Through glasshouse and field work, researchers found out how important deferred grazing is for accumulating water-soluble carbohydrate reserves in plants and restoring root growth.
“It’s such a simple, easy tool to apply and we can adapt it for the pastures in a particular paddock or a particular farm. So we're learning based on old research and using that as a platform to learn more, that you can change the timing of when you start the deferred period and when you end it, to weaken the species that you don't want there as much – and to rest and replenish the reserves, the plants that you do want there.”
Tozer says part of a plant’s persistence, as a survival mechanism, is to allow those reserves of water-soluble carbohydrate which are used for growth to accumulate in the plant, to allow the roots to grow down and grow bigger.
“Sure, they might be going to seed and not growing much, but the subsequent autumn, after the deferred pasture is removed, it's like a plant on steroids,” she says.
The plants might look ugly for a while, but they’ll really kick on.
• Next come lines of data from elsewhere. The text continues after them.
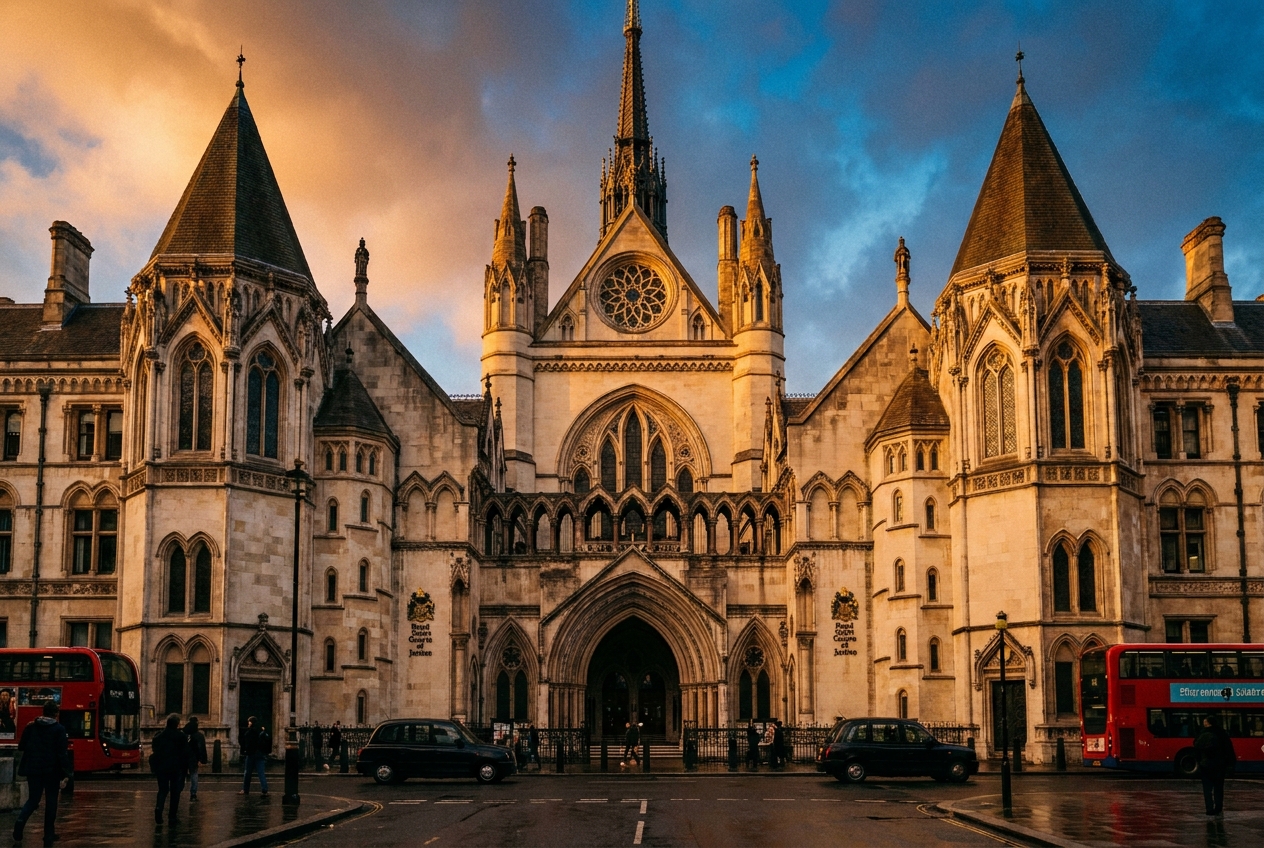Assisting the High Administrative Court in Restricting Too Broad a Concept of Academic Judgment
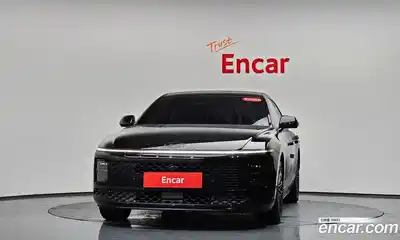 Hyundai Grandeur 2023 3.5 гидро в Москве № 1417048, миниатюра 2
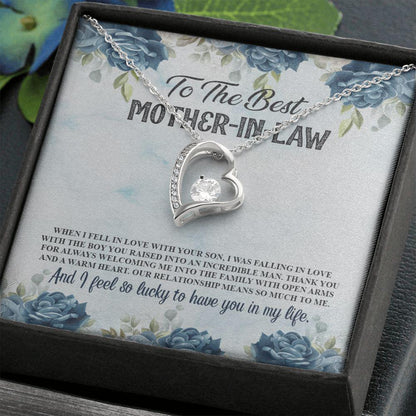 To My Mother In Law I Feel So Lucky To Have You In My Life Necklace With Message Card, Gift For Mom, Best Mother s Day Gift Ideas, Thank You Gifts For Mother s Day 1877.jpg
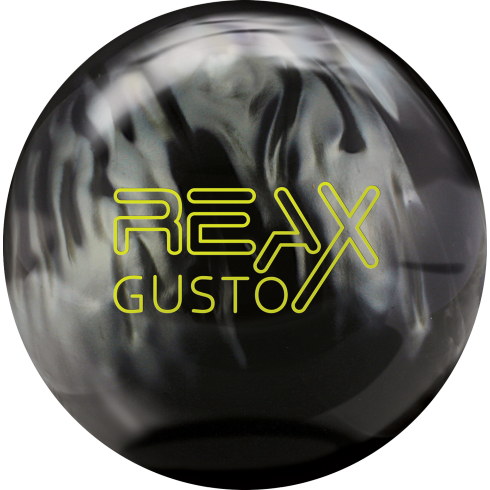 Radical Reax Gusto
Bill Garland near Maungatautari did one of these trials in his front paddocks and a neighbour gave him a little bit of a flack.
“It looks shocking, but it’s come away really well. You will be promoting the growth of the competitive pasture species like ryegrass, that will dominate over others. If you had a paddock that was all Kikuyu or all yellow bristle grass and you lock that up, you're not going to suddenly get ryegrass and white clover, so you need to kind of use some common sense in terms of is this paddock appropriate to defer, or is it really poor in terms of what’s there and it’s not going to magically recover.”
Having said that, it can be low and quite weedy, but if the fertility’s good and you have the right class of stock to graze it off, you can get a heck of a lot of recovery, Tozer says.
“If anything, the impact of the deferred grazing will last longer in dairy pastures than in beef and sheep hill country, because the flatter land is so much more conducive for ryegrass persistence - and the benefit also persists longer.”
To measure this growth in the root and plant, researchers use rhizotrons, clear plastic tubes inserted below ground. You put a camera down them and take repeated measures of the root so you can see how they grow over time.
Tozer says the deferred grazing study is backed by good, sound ecological science and principles. “And therefore, it fits into a conventional framework because people might be using herbicides, fertilisers - standard grazing practice. But this is saying, for this season of the year when it's so critical to refuel the plant, to replenish the reserves, allow those roots to get down, you need to rest it. It's still consistent with a conventional framework, and it's also consistent with a regenerative framework as well.”
There will always be regional differences in field testing of this sort, Tozer says, but the same principles apply to pastures based on Cocksfoot, Phalaris, and Microlaena, which is indigenous to both New Zealand and Australia.
“It’s this whole principle of just resting to replenish the reserves, store the roots and refill refuel the regrowth. It’s something that's been around for years, but we're just understanding how it works a little bit more. And we’re working with farmers and rural professionals in the pastoral industry, pooling that knowledge so that we can come up with recommendations that are as helpful for farmers as possible.”